### ABOUT THIS TASK
Return the data exactly, with all pictures removed.

### DATA SHOWN
============

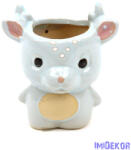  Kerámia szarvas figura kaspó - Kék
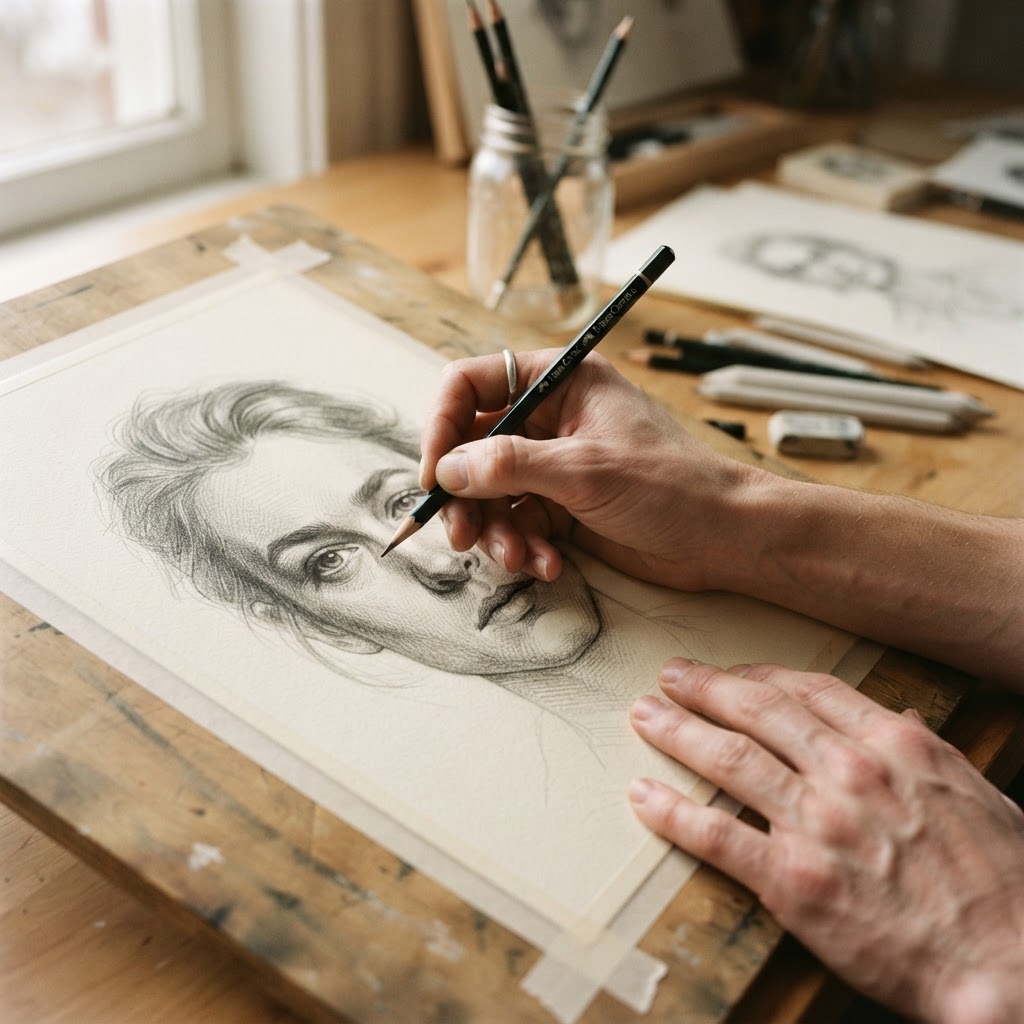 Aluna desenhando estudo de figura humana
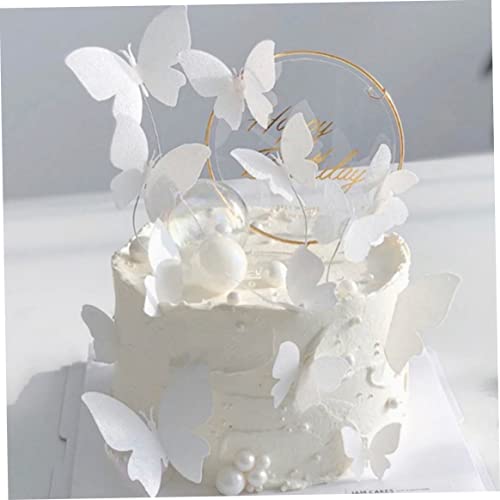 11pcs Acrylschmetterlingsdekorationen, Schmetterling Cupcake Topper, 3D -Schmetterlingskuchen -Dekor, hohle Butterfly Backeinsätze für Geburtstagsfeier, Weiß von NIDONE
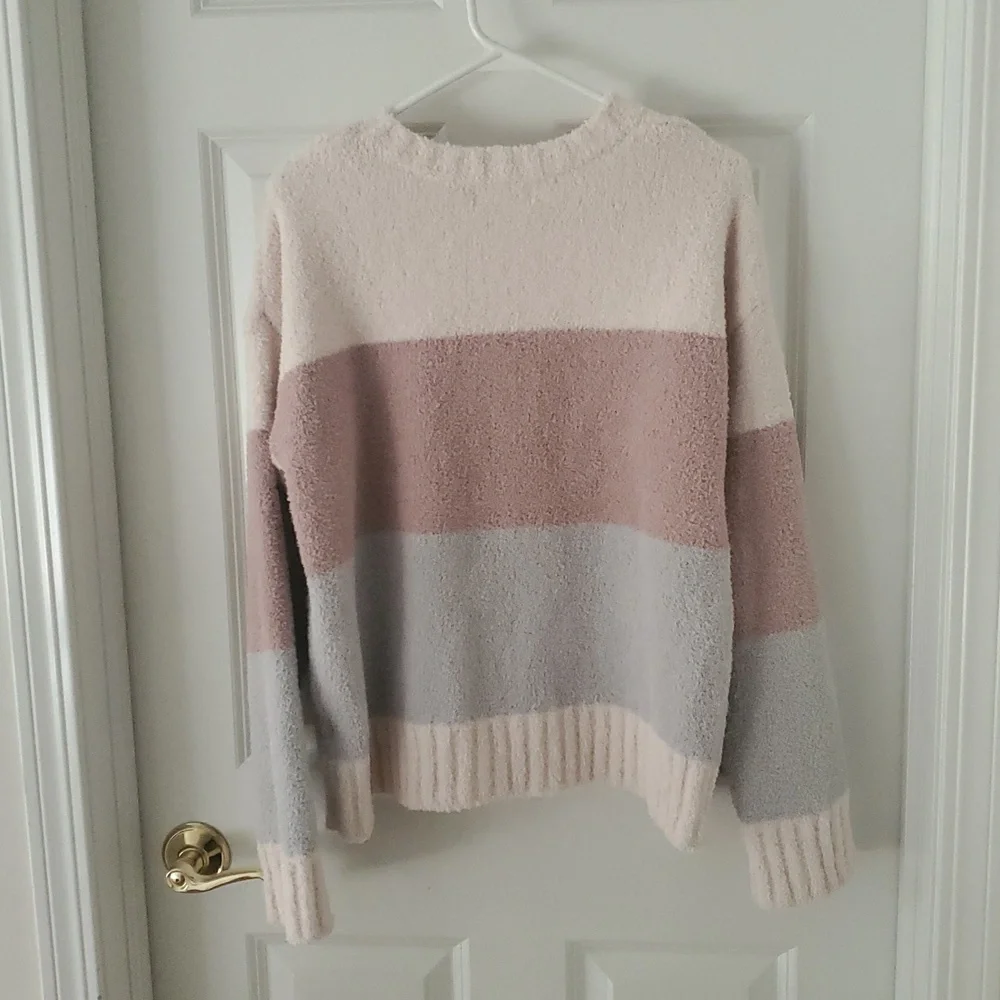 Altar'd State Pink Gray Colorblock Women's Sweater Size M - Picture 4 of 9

============

### YOUR SOLUTION
  Kerámia szarvas figura kaspó - Kék
 Aluna desenhando estudo de figura humana
 11pcs Acrylschmetterlingsdekorationen, Schmetterling Cupcake Topper, 3D -Schmetterlingskuchen -Dekor, hohle Butterfly Backeinsätze für Geburtstagsfeier, Weiß von NIDONE
 Altar'd State Pink Gray Colorblock Women's Sweater Size M - Picture 4 of 9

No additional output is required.